### RECORDS FOR THIS TASK
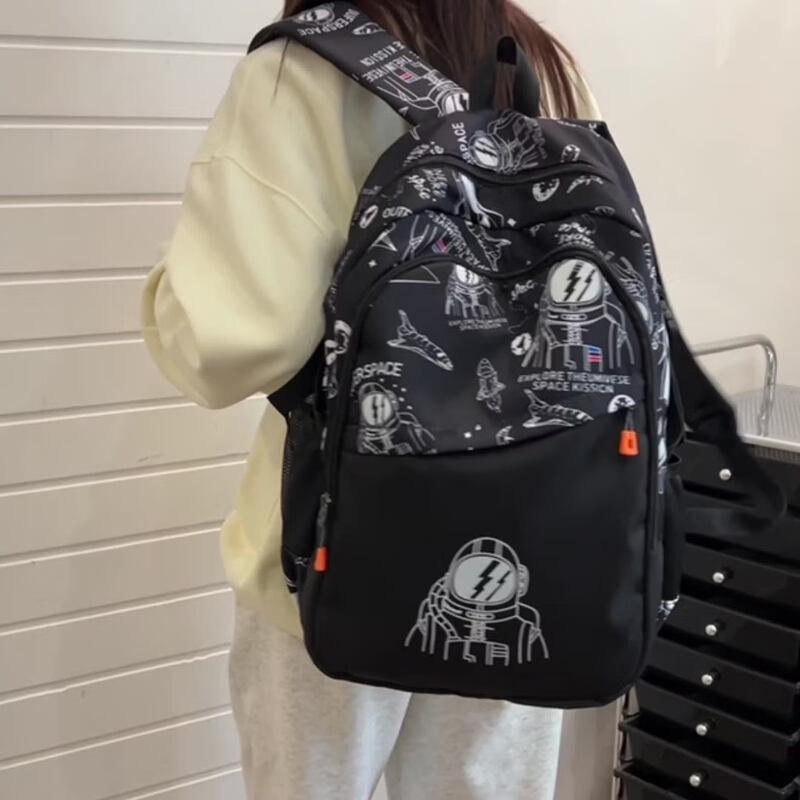 

Li Shen Trendy Print Korean Style Backpack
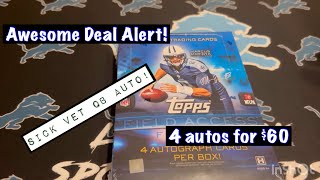 2015 Topps Field Access Hobby Box Sick Vet QB auto Best deal in the hobby right now [upl. by Trella]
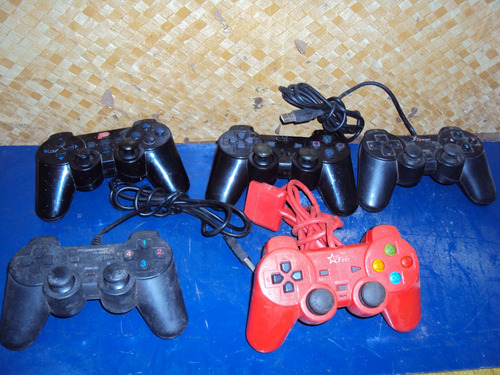 Controle Playstation  Ps2 /outros ;lote 5 Pçs ;sem Teste 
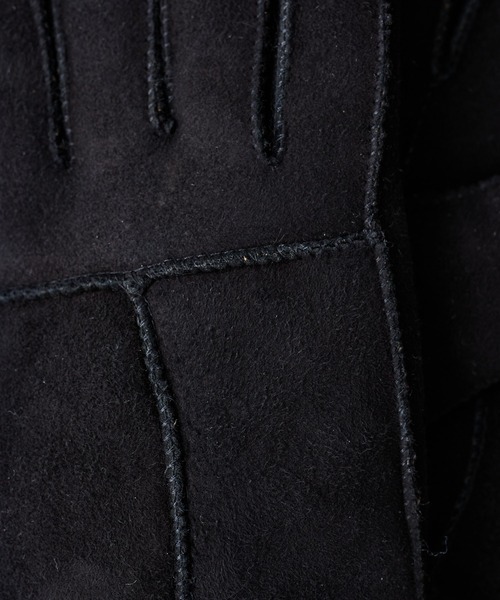 Casselini（キャセリーニ）の「リアルムートングローブ（手袋・レディース・キャメル/ブラック/アイボリー・フリー）」の5枚目の写真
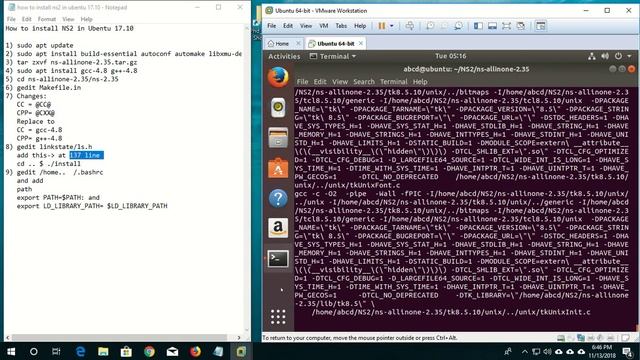 How to install Network Simulator 2 (ns2) on Ubuntu Linux - YouTube смотреть онлайн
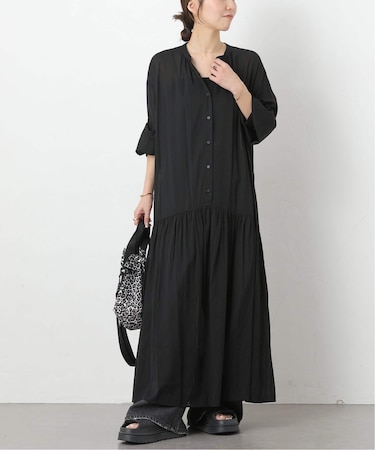 グリッタードット無地ワンピース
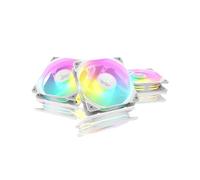 ASUS TUF GAMING TR120 FAN ARGB REVERSE WHITE 3 IN 1 Ventole Case a Pale Invertite Spessore 28 mm, Pressione Statica 3,3 mm H2O e Flusso d'aria Elevato, Design Doppio Strato 16 LED RGB, 3 pezzi, Bianco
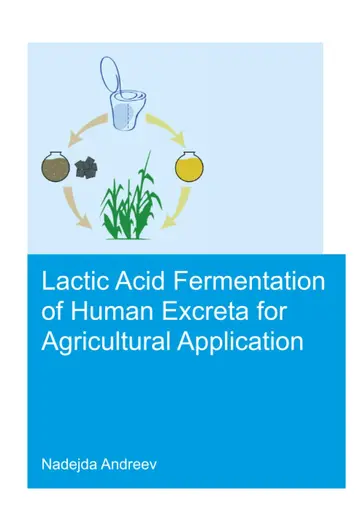 Cover of Lactic acid fermentation of human excreta for agricultural application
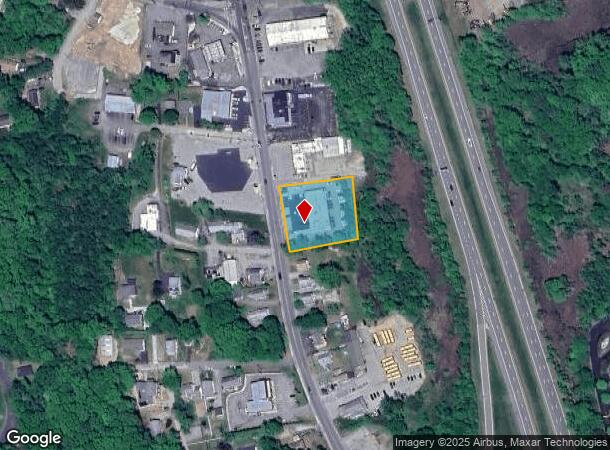 155 Thompson Rd, Webster, MA Parcel Map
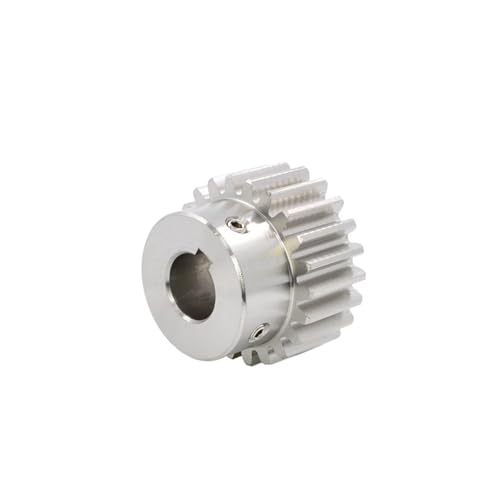 1 STÜCKE 2 Modul 17T/18T Stirnräder mit Passfedernut 304 Edelstahl Motor Gear Boss Gear Maschinen(18T Bore 16mm+Keyway 5mm) von KOVNOVI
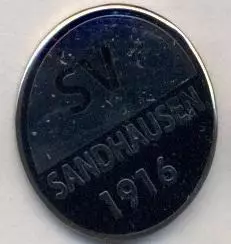 футбол.клуб Зандхаузен (Німеччина ЕМАЛЬ/SV Sandhausen,Germany football pin badge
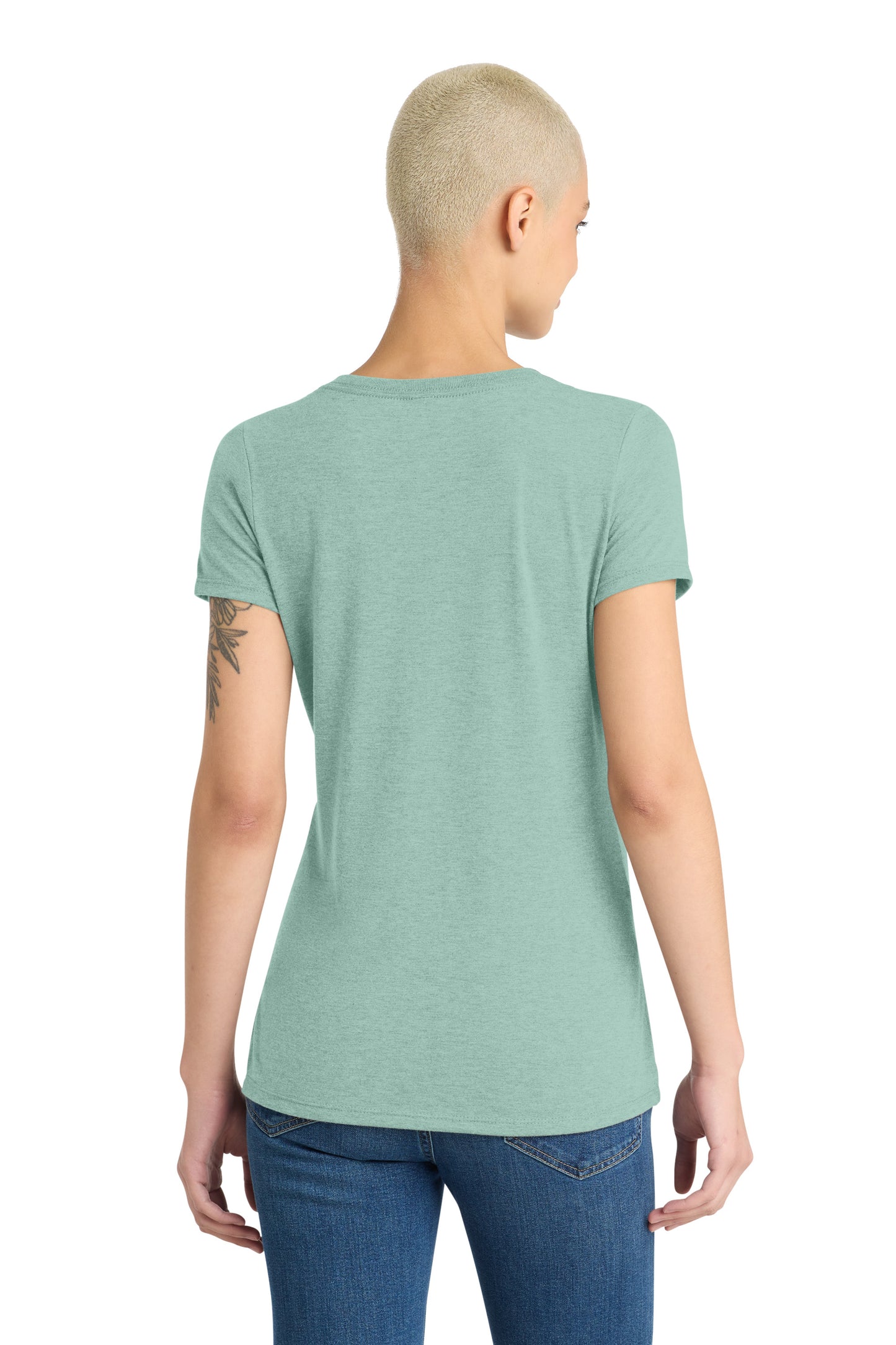 Allvitae V Neck Shorter V Neck T Shirt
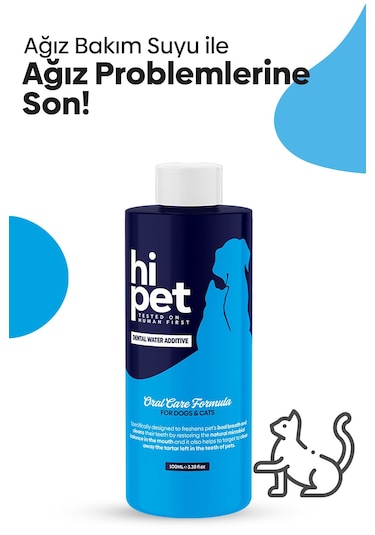 HiPet Kedi Ağız Bakım Suyu 100 ML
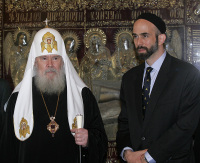 Встреча Святейшего Патриарха Алексия с принцем Гази Бен Мухаммадом Бен Талалом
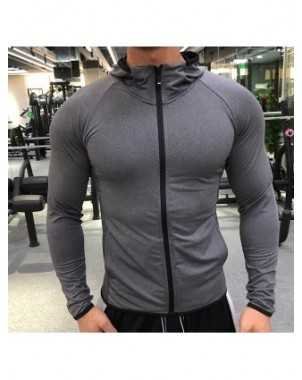 New Winter Autumn Hoodies Sport Shirt Men Hat Zipper Running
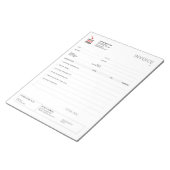 Aangepaste sjabloon voor factuur voor mobiele nota notitieblok (Schuin)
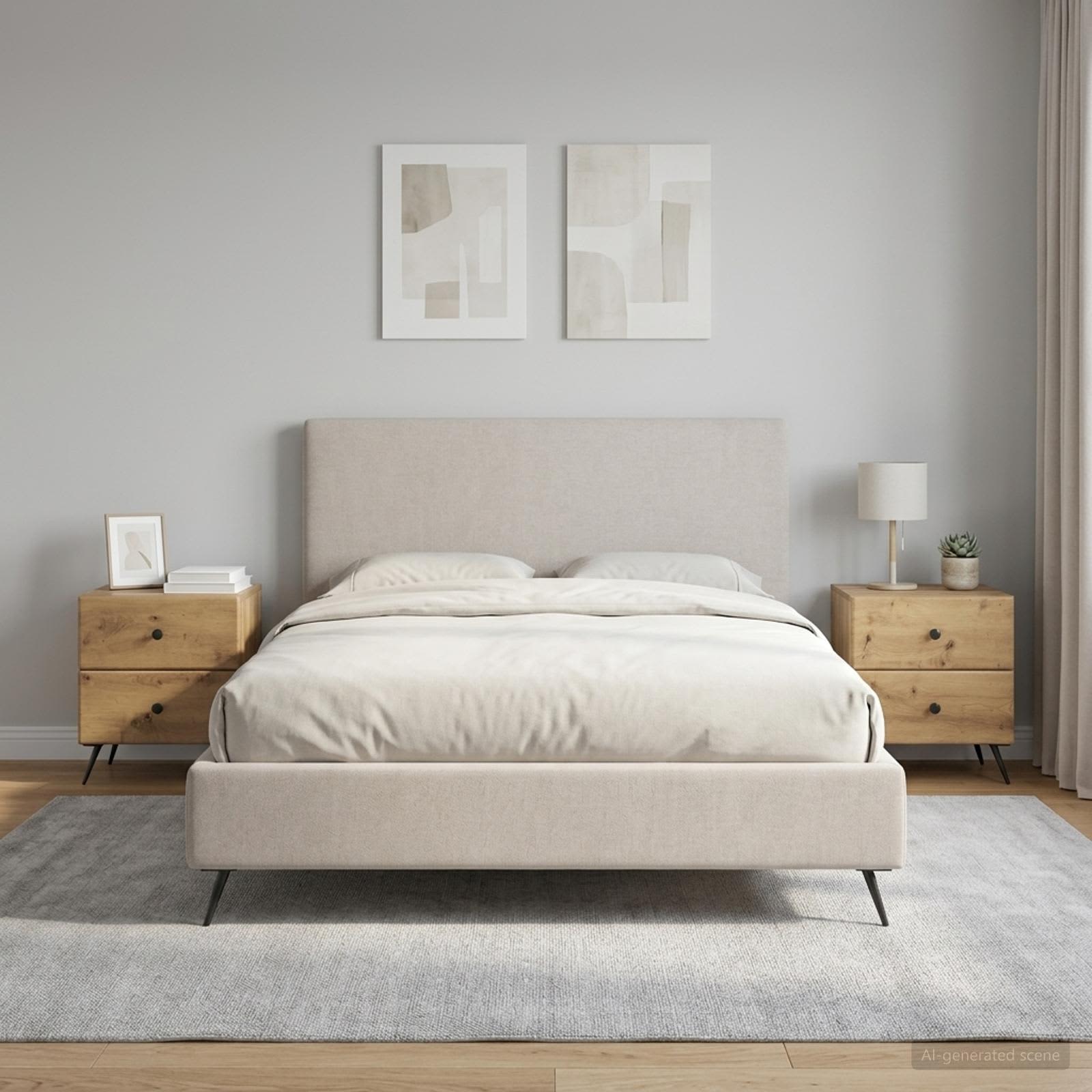 Nachtkastje met lade 2 pcs Artisanaal eiken 43 x 34,5 x 47,5 cm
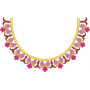Necklace Type Embroidery Design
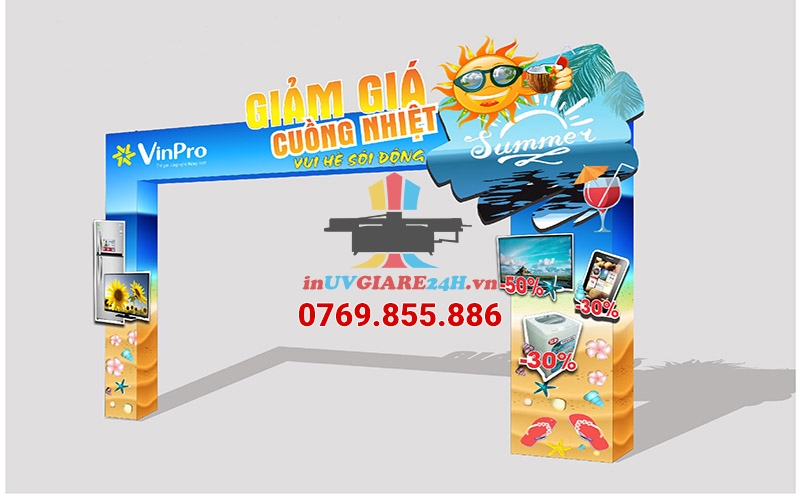 In bạt treo cổng chào – Ứng dụng trong sự kiện và lễ hội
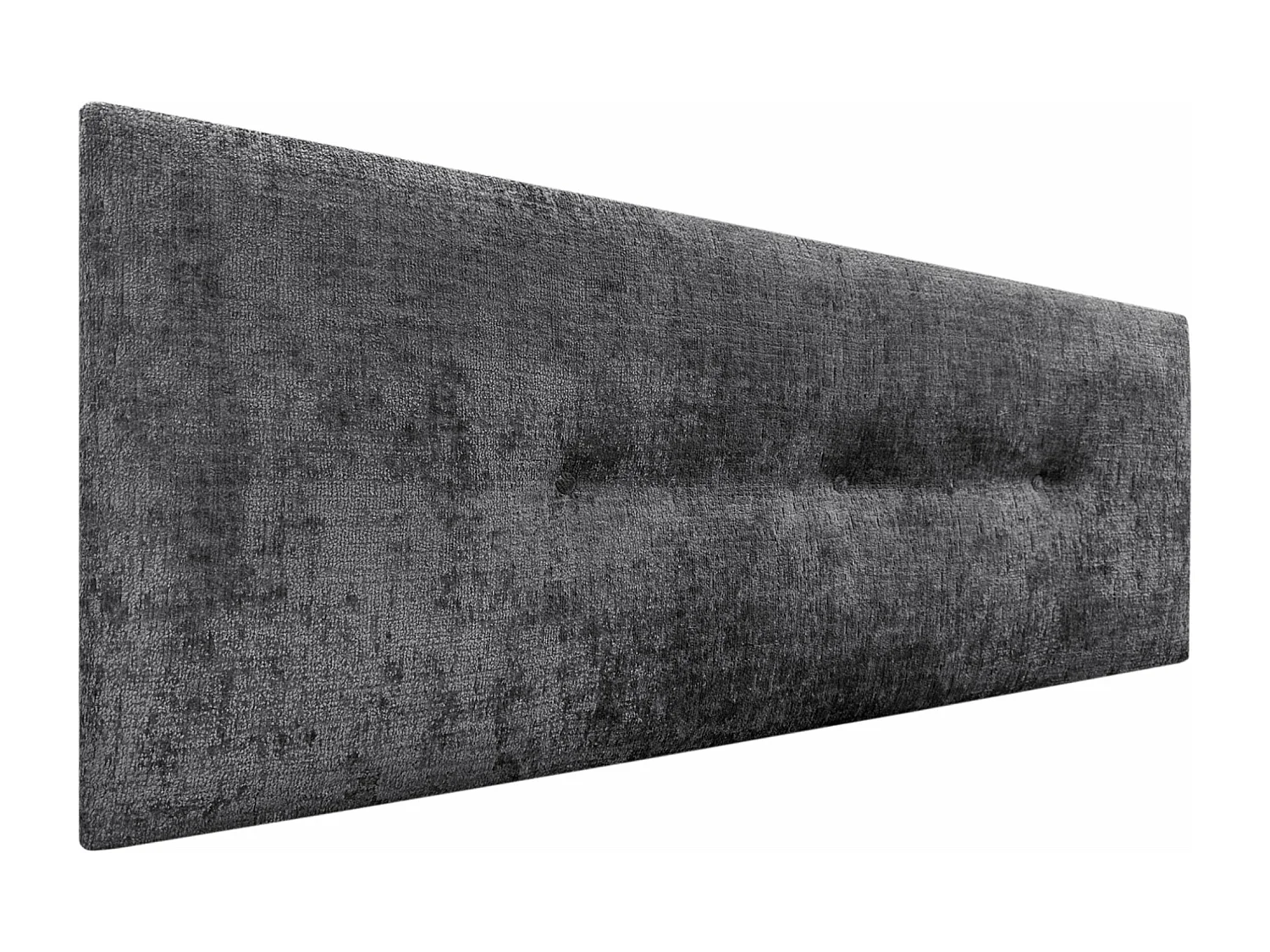 DHOME Tête de Lit Laine Naturelle avec Boutons 150x50cm Lits 150 - Gris Foncé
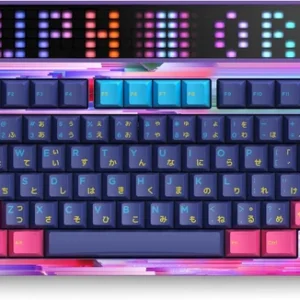 CYBERBOARD Euphoria Wireless Custom Creamy Mechanical Keyboard, 81 Key Tri-Mode 2.4G Bluetooth Wireless Gaming PC Computer Keyboard, High-End RGB Gaming Accessories, Hotswappable Switch
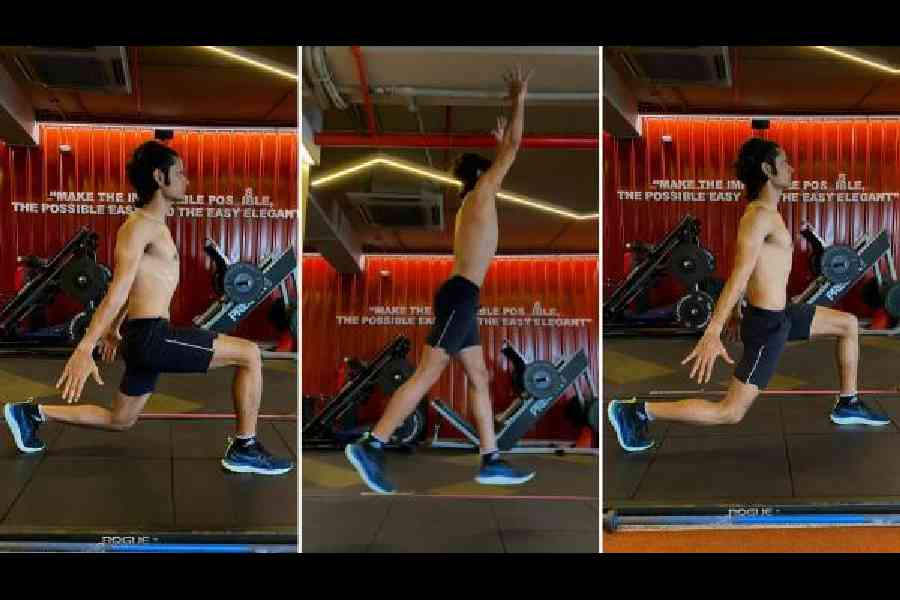 Cycled split lunge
######
Please set down the data above exactly as given, leaving every picture out.

Li Shen Trendy Print Korean Style Backpack
 2015 Topps Field Access Hobby Box Sick Vet QB auto Best deal in the hobby right now [upl. by Trella]
 Controle Playstation  Ps2 /outros ;lote 5 Pçs ;sem Teste 
 Casselini（キャセリーニ）の「リアルムートングローブ（手袋・レディース・キャメル/ブラック/アイボリー・フリー）」の5枚目の写真
 How to install Network Simulator 2 (ns2) on Ubuntu Linux - YouTube смотреть онлайн
 グリッタードット無地ワンピース
 ASUS TUF GAMING TR120 FAN ARGB REVERSE WHITE 3 IN 1 Ventole Case a Pale Invertite Spessore 28 mm, Pressione Statica 3,3 mm H2O e Flusso d'aria Elevato, Design Doppio Strato 16 LED RGB, 3 pezzi, Bianco
 Cover of Lactic acid fermentation of human excreta for agricultural application
 155 Thompson Rd, Webster, MA Parcel Map
 1 STÜCKE 2 Modul 17T/18T Stirnräder mit Passfedernut 304 Edelstahl Motor Gear Boss Gear Maschinen(18T Bore 16mm+Keyway 5mm) von KOVNOVI
 футбол.клуб Зандхаузен (Німеччина ЕМАЛЬ/SV Sandhausen,Germany football pin badge
 Allvitae V Neck Shorter V Neck T Shirt
 HiPet Kedi Ağız Bakım Suyu 100 ML
 Встреча Святейшего Патриарха Алексия с принцем Гази Бен Мухаммадом Бен Талалом
 New Winter Autumn Hoodies Sport Shirt Men Hat Zipper Running
 Aangepaste sjabloon voor factuur voor mobiele nota notitieblok (Schuin)
 Nachtkastje met lade 2 pcs Artisanaal eiken 43 x 34,5 x 47,5 cm
Necklace Type Embroidery Design
 In bạt treo cổng chào – Ứng dụng trong sự kiện và lễ hội
 DHOME Tête de Lit Laine Naturelle avec Boutons 150x50cm Lits 150 - Gris Foncé
 CYBERBOARD Euphoria Wireless Custom Creamy Mechanical Keyboard, 81 Key Tri-Mode 2.4G Bluetooth Wireless Gaming PC Computer Keyboard, High-End RGB Gaming Accessories, Hotswappable Switch
 Cycled split lunge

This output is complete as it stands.